I am attempting to create a streaming job to write data to MongoDB, but I am encountering an error indicating that MongoDB does not support streaming jobs.
My compute version is 14.3 LTS (includes Apache Spark 3.5.0, Scala 2.12)
and my spark connector version is org.mongodb.spark:mongo-spark-connector_2.12:3.0.1
My code to write the data is as below
json_df.writeStream \
.format("mongo") \
.option("uri", mongo_uri) \
.option("database", "test_db") \
.option("collection", "test") \
.outputMode("append") \
.trigger(processingTime="1 minute") \
.start()
the error that I get is
Data source mongo does not support streamed writing.
Is there a driver or library available for writing streaming data to MongoDB using Databricks?
Note: The standard read and write operations from Databricks to MongoDB are functioning correctly.
As you mention you have already used org.mongodb.spark:mongo-spark-connector_2.12:3.0.1
As you mention need library to driver or library available for writing streaming data to MongoDB using Databricks?

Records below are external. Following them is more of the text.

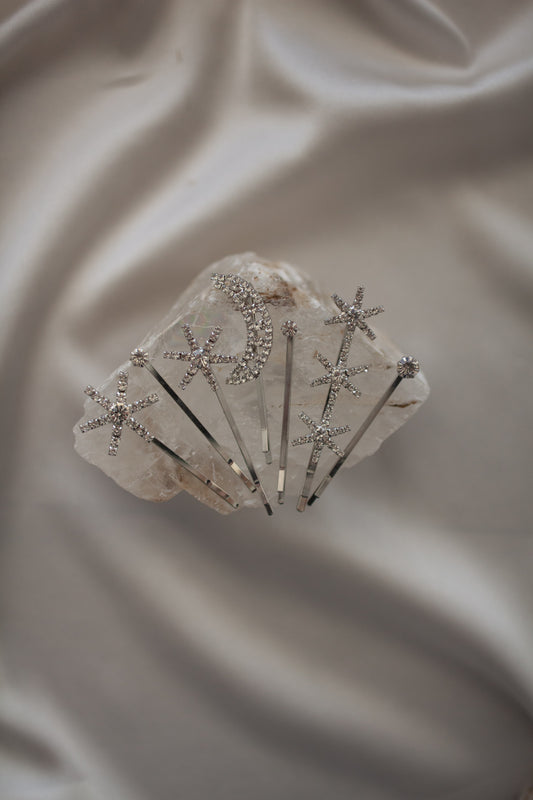 Constellation Celestial Diamante Hair Clips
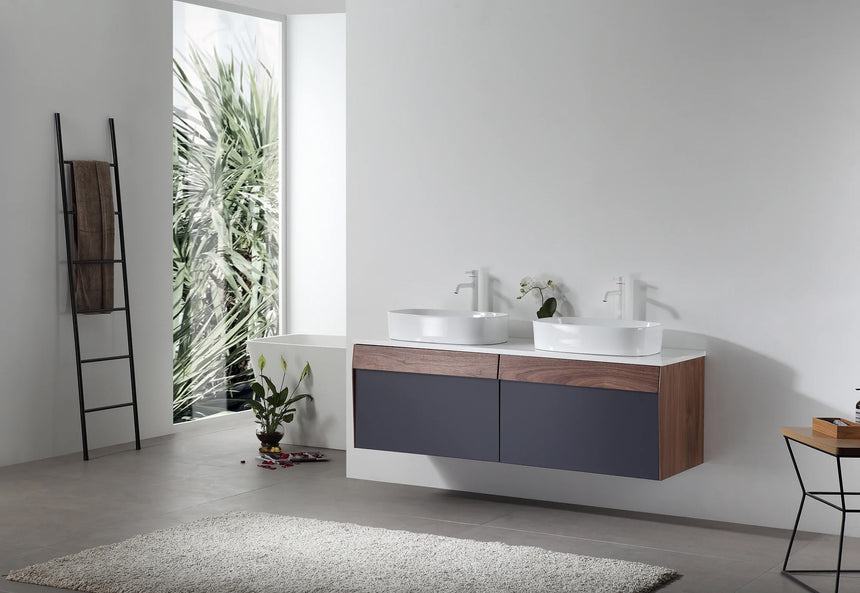 55 inch Dayden Floating Vanity Vessel Sink Dark Blue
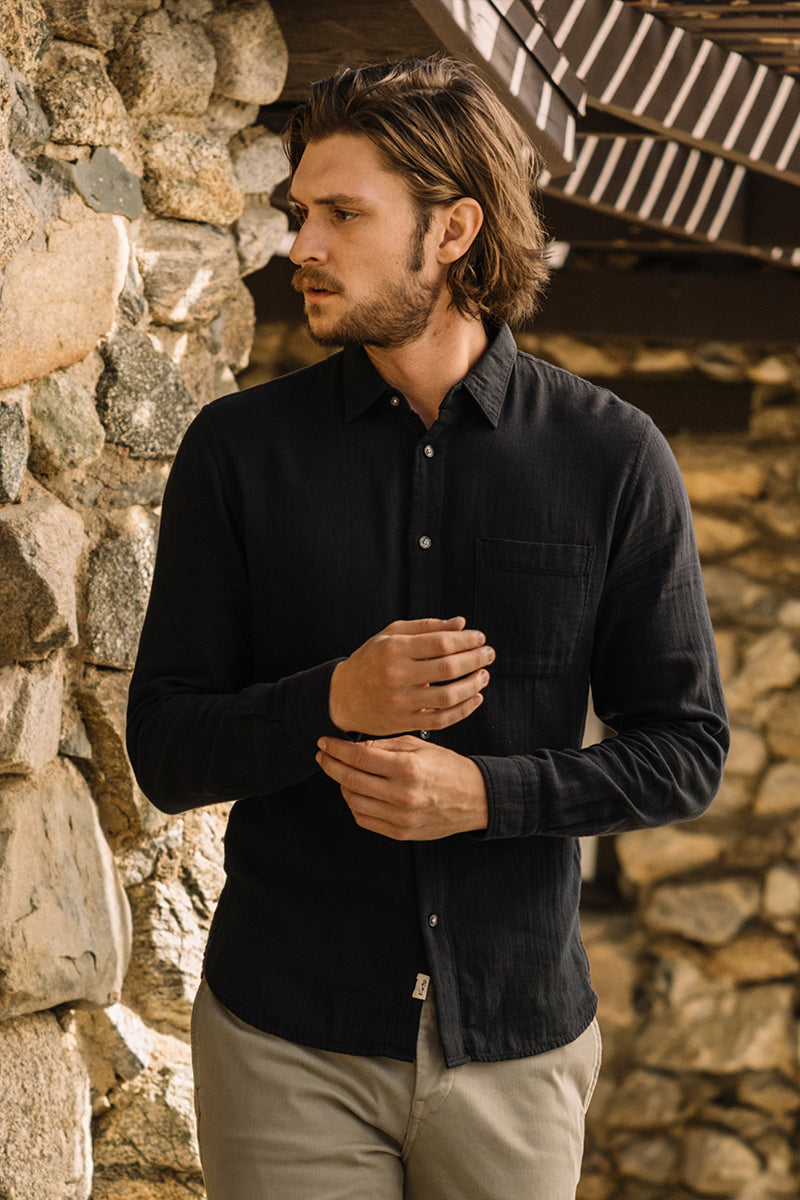 The Ripper Double Gauze Organic Cotton Shirt - Black– HIROSHI KATO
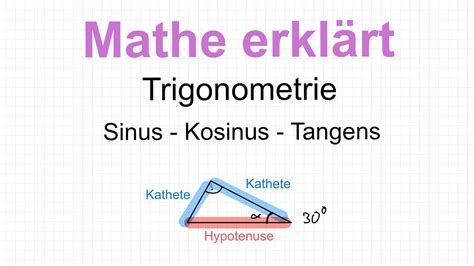 Sinus Cosinus Tangens Trigonometrie Einführung Mathe erklärt von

Know more about MongoDB - Azure Databricks MongoDB Connector for Spark Documentation.
Version 10.x utilizes the new namespace com.mongodb.spark.sql.connector.MongoTableProvider
.
This change enables the use of older connector versions (3.x and earlier) concurrently with version 10.x.

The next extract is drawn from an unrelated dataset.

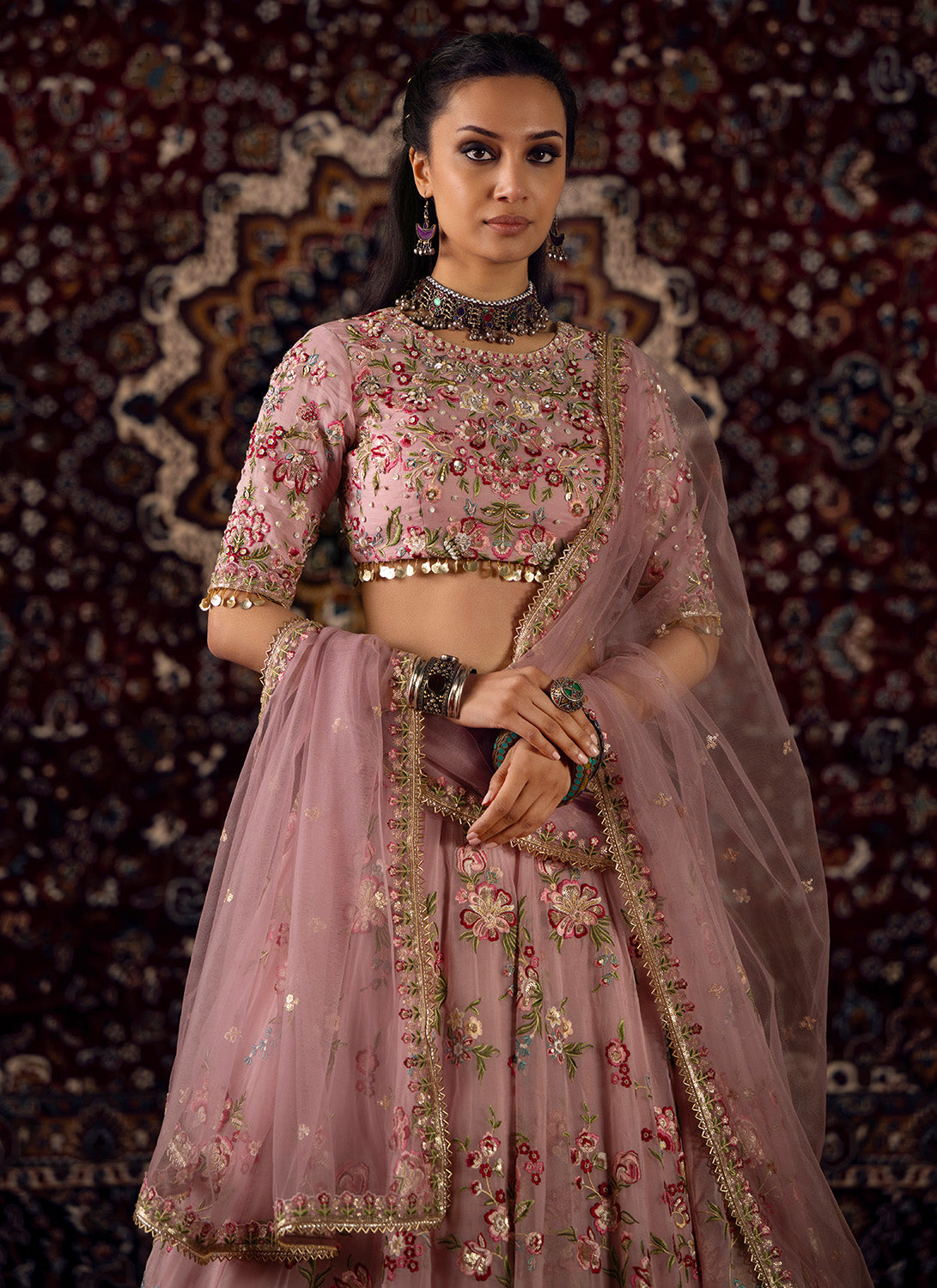 Pink Floral Embroidered Organza Lehenga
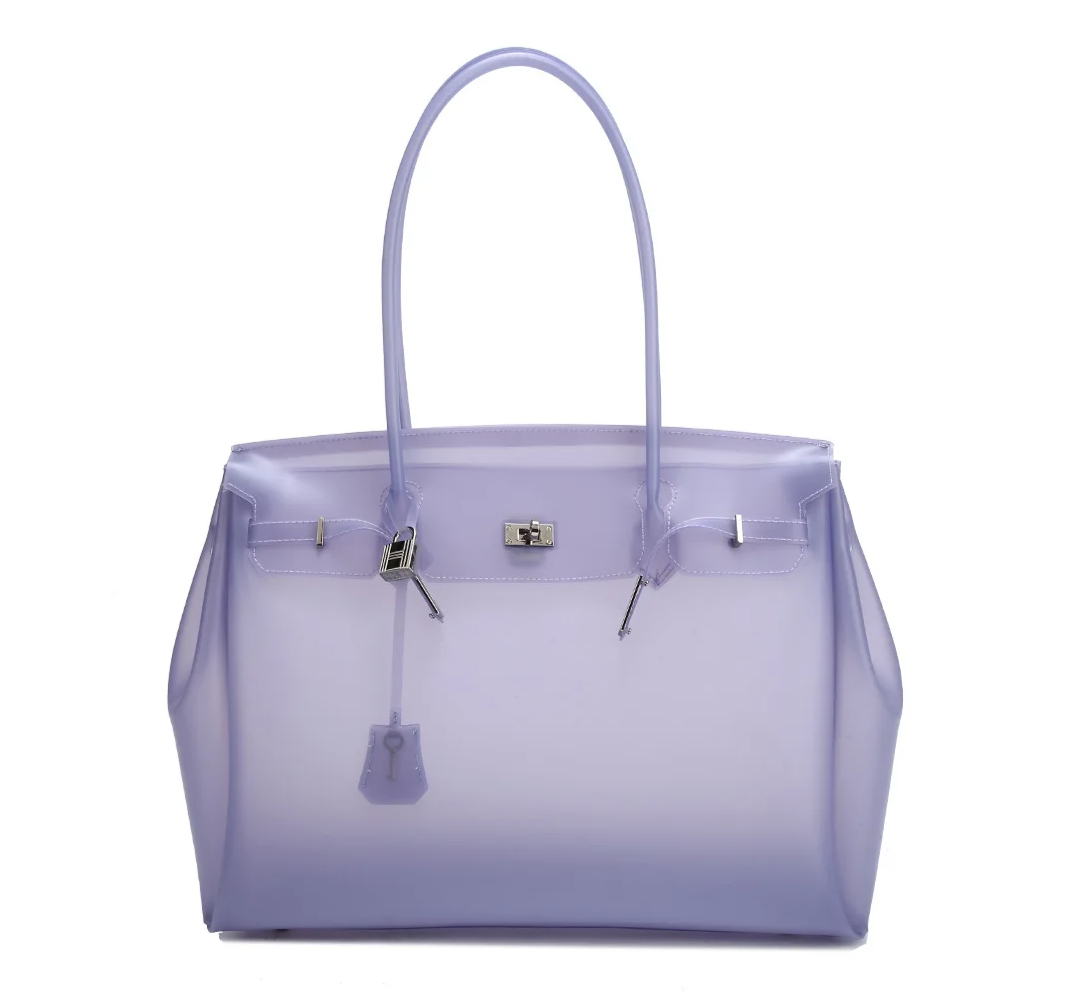 Clarabelle Large Jelly Tote Bag – Clear Women’s Shoulder Handbag | Transparent-Style Candy Tote | Spacious Summer Fashion Purse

Using the connector, you can use all Spark libraries with MongoDB datasets, including:
You can try installing the below:
org.mongodb.spark:mongo-spark-connector_2.13:10.3.0
And for WriteStream:
dsw = (
slidingWindows
.writeStream
.format("mongodb")
.queryName("7DaySlidingWindow")
.option("checkpointLocation", "/tmp/pyspark/")
.option("forceDeleteTempCheckpointLocation", "true")
.option('spark.mongodb.connection.uri', 'MONGODB CONNECTION HERE')
.option('spark.mongodb.database', 'Pricing')
.option('spark.mongodb.collection', 'NaturalGas')
.outputMode("complete"))
query = dsw.start()
query.processAllAvailable()
query.stop()
Reference: MongoDB Connector for Spark How to sink streaming data from spark to Mongodb?